Start of Supplied information

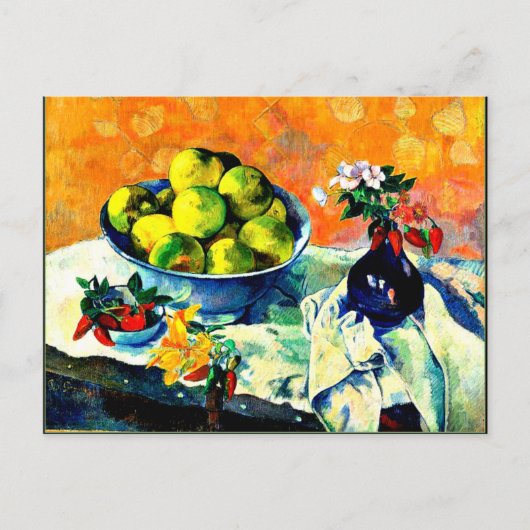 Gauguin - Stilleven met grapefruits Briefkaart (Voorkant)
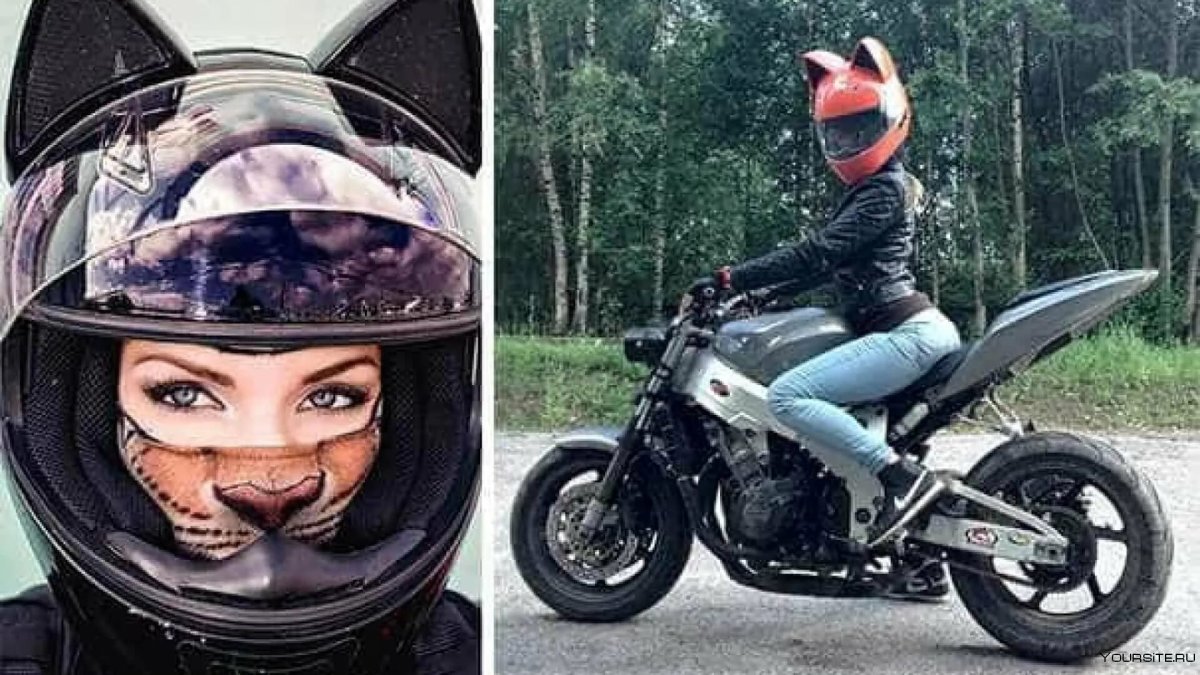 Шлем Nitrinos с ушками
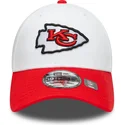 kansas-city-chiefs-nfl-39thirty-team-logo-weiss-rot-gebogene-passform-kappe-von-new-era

End of Supplied information

Give back the data exactly. Pictures stay out.

_Exercise output_:
 Gauguin - Stilleven met grapefruits Briefkaart (Voorkant)
 Шлем Nitrinos с ушками
 kansas-city-chiefs-nfl-39thirty-team-logo-weiss-rot-gebogene-passform-kappe-von-new-era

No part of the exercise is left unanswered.